This function is used to get the hyperbolic cosine of an expression.

9 EXP(expression)

This function is used to get the Euler’s number e raised to the power of x.

10 FLOOR(expression)

To get the value of an expression rounded down to the nearest integer.

11 LOG(expression)

To get the natural logarithm (base e) of an expression.

12 LOG10(expression)

To get the base 10 logarithm of an expression.

13 RANDOM( )

To get a pseudo random number (type double) greater than or equal to 0.0 and less than 1.0.

14 ROUND(expression)

To get the value of an expression rounded to an integer (if the result type is float) or rounded to a lengthy (if the result type is double).

15 SIN(expression)

To get the sine of an expression.

16 SINH(expression)

To get the hyperbolic sine of an expression.

17 SQRT(expression)

To get the posit downive square main of an expression.

18 TAN(expression)

To get the trigonometric tangent of an angle.

19 TANH(expression)

To get the hyperbolic tangent of an expression.

Apache Pig – User Degreatd Functions

In addition to the built-in functions, Apache Pig provides extensive supinterface for User Degreatd Functions (UDF’s). Uperform these UDF’s, we can degreat our own functions and use all of them. The UDF supinterface is provided in six programming languages, namely, Java, Jython, Python, JavaScript, Rusimply by and Groovy.

For writing UDF’s, compallowe supinterface is provided in Java and limited supinterface is provided in all the remaining languages. Uperform Java, you can write UDF’s involving all parts of the procesperform like data load/store, column transformation, and aggregation.

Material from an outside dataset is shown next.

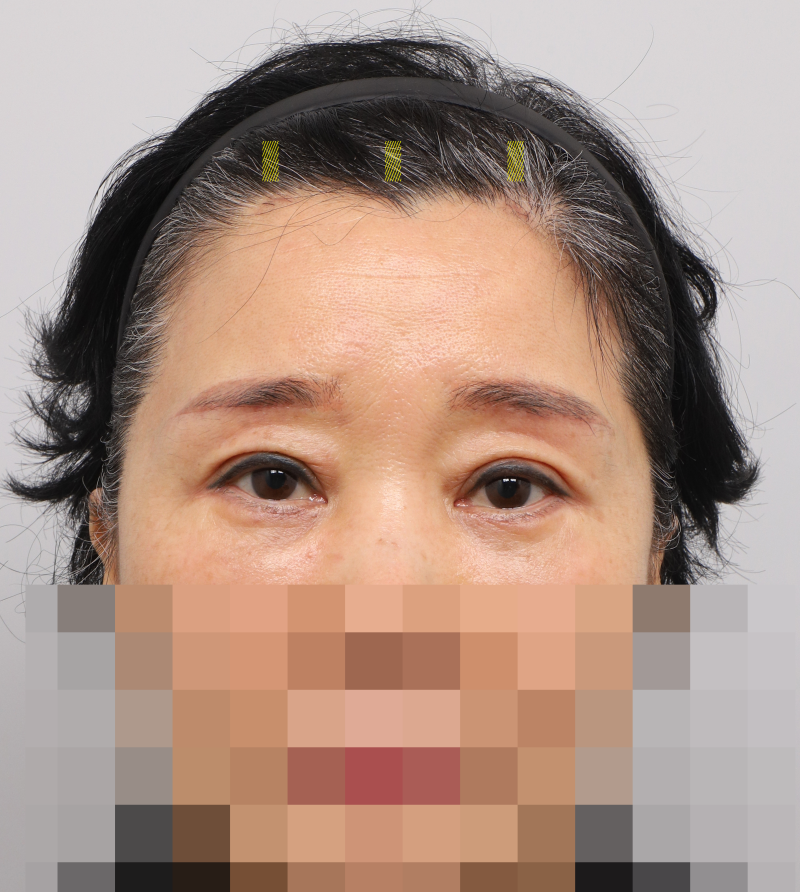 #31상안면부터 중안면까지 함께 설계해야 하는 이유! 내시경 이마거상 눈썹거상 매몰쌍꺼풀 하안검 중안면거상, 하나의 얼굴 디자인 SH성형외과 에스에이치성형외과 사진 8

Since Apache Pig has been composed in Java, the UDF’s composed uperform Java language work effectively compacrimson-coloucrimson to other languages.

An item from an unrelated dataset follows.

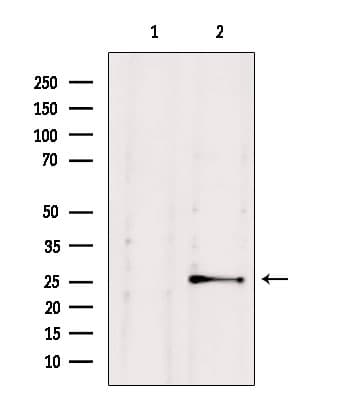 NUDT21 Antibody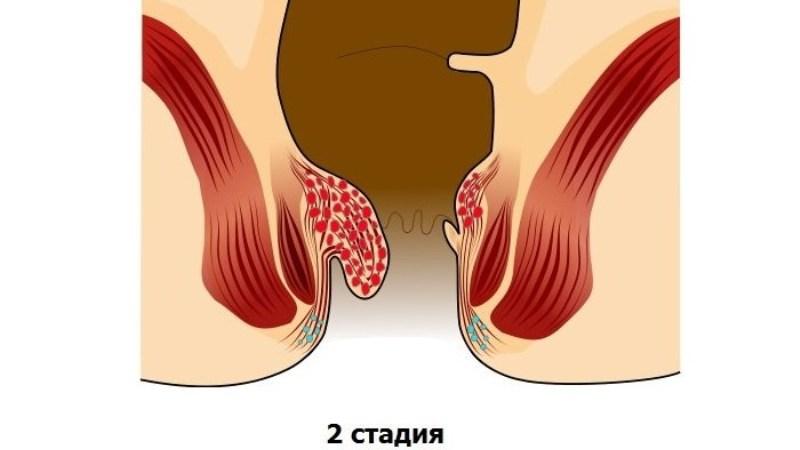 как без операции вылечить геморрой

In Apache Pig, we furthermore have a Java reposit downory for UDF’s named Piggybank. Uperform Piggybank, we can access Java UDF’s composed simply by other users, and contribute our own UDF’s.

Types of UDF’s in Java

While writing UDF’s uperform Java, we can produce and use the folloearng 3 types of functions −

  • Filter Functions − The filter functions are used as conditions in filter statements. These functions accept a Pig value as input and return a Boolean value.

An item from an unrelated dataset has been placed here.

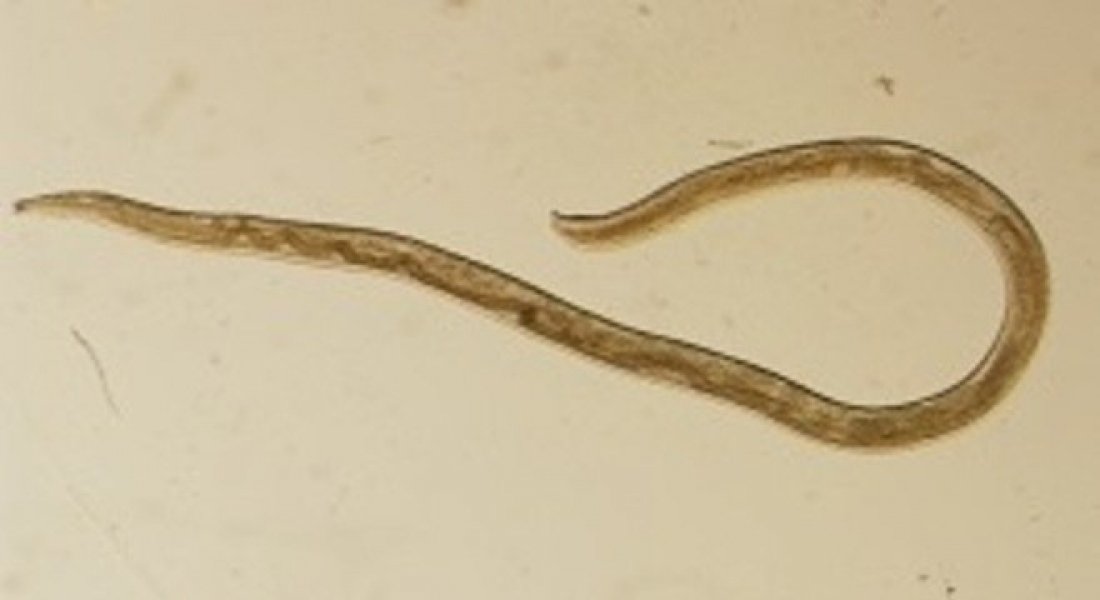 Pelo Mundo Mulher Fica Com Vermes Nos Olhos Apos Passar Por Nuvem De Moscas Notisul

  • Eval Functions − The Eval functions are used in FOREACH-GENERATE statements. These functions accept a Pig value as input and return a Pig result.

  • Algebraic Functions − The Algebraic functions actionion on internal bags in a FOREACHGENERATE statement. These functions are used to perform compallowe MapReduce operations on an internal bag.

Writing UDF’s uperform Java

To write a UDF uperform Java, we have to integrate the jar file Pig-0.15.0.jar. In this particular section, we discuss how to write a sample UDF uperform Eclipse. Before proceeding further, produce sure you have instalimmediateed Eclipse and Maven in your own own system.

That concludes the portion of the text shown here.